Ever since my young cousins in New Jersey sent me photos of monarch butterfly eggs and tiny snow white monarch caterpillars with black heads (they don’t get colorful until later in development), I have been looking for the same on my milkweed plants. Unfortunately, the one and only monarch caterpillar I have found so far was dead, killed by a predatory stink bug. While great for the stink bug, this was, of course, tragic for the monarch caterpillar. We were unhappy as well since we have been encouraging milkweeds and planting all sorts of wildflowers in an attempt to create a safe haven for these beleaguered insects.
Initially, watching this menacing-looking bug drag the hapless carcass of the monarch caterpillar around, I was horrified and wanted to know who the culprit was. Identifying insects can be incredibly difficult. I tried some books and the internet, and I decided it was some sort of stink bug, perhaps an anchor stink bug. According to a “Featured Creatures” bulletin put out by the Florida Department of Agriculture and Consumer Services, the stinkbug “genus is recognized easily by the enlarged long and broadly oval scutellum (located behind the pronotum) … subapical spine on the front femora; and ventral pubescent patches on the males.” I didn’t know what any of that meant, so I resorted to iNaturalist and the awesome folks at bugguide.net for the final identification. My tiny predator did turn out to be an anchor stink bug (Stiretrus anchorago).
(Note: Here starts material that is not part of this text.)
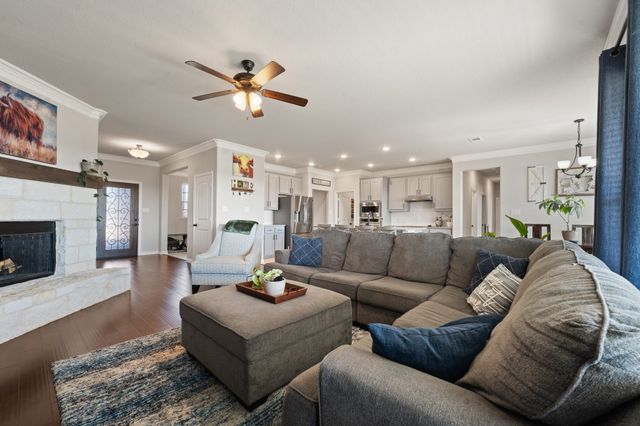 1128 Highland Road, Springtown, TX 76082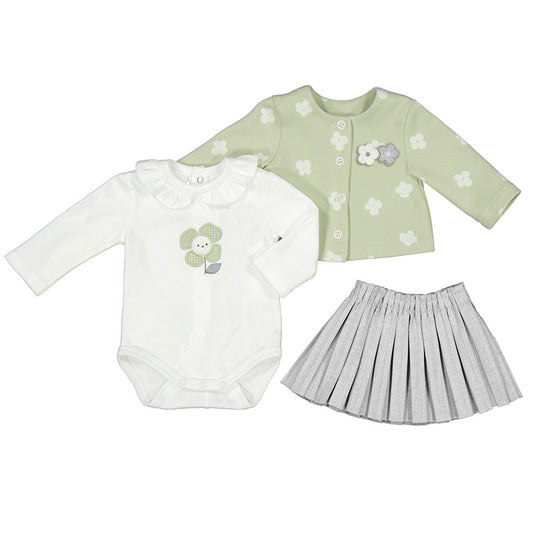 Conjunto Chaqueta y Falda 3P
Now that I knew what an anchor bug looked like, I decided to at least learn what one of those seemingly obscure anatomical terms referred to. I call myself a naturalist and, upon finding out what a scutellum was, realized I’m a fairly ill-informed naturalist. All true bugs have a hard plate, called the scutellum, that is usually triangular, on their backs. The anchor bug’s scutellum is unusually large and U-shaped, something like a shield with a black anchor-like pattern on it. Now that I knew what to look for, the scutellum was, indeed, a very prominent and recognizable feature.
While refreshing my memory on insect anatomy, I was reminded of some of the differences between insects that are known as true bugs (some common examples are cicadas, water striders, stinkbugs and spittlebugs) and other insects, like beetles (not true bugs). It can be difficult to identify insects down to their species, but once you know what to look for, you should be able to distinguish a beetle from a true bug fairly easily. Beetles have chewing mouthparts whereas true bugs eat a liquid diet. True bugs have a beak, which they use to suck out the contents of whatever it is they are eating. The anchor bug uses its beak to harpoon its prey and then inject digestive enzymes that first immobilizes the prey and subsequently turn its insides into goo, which they then suck up with those same beaks. If you look carefully at the photo, you can see a tubular structure attaching the anchor bug to the caterpillar — that’s the beak, firmly implanted in the caterpillar. A number of pests (aphids, for example) are true bugs that use their beaks to feed on the fluids inside plants.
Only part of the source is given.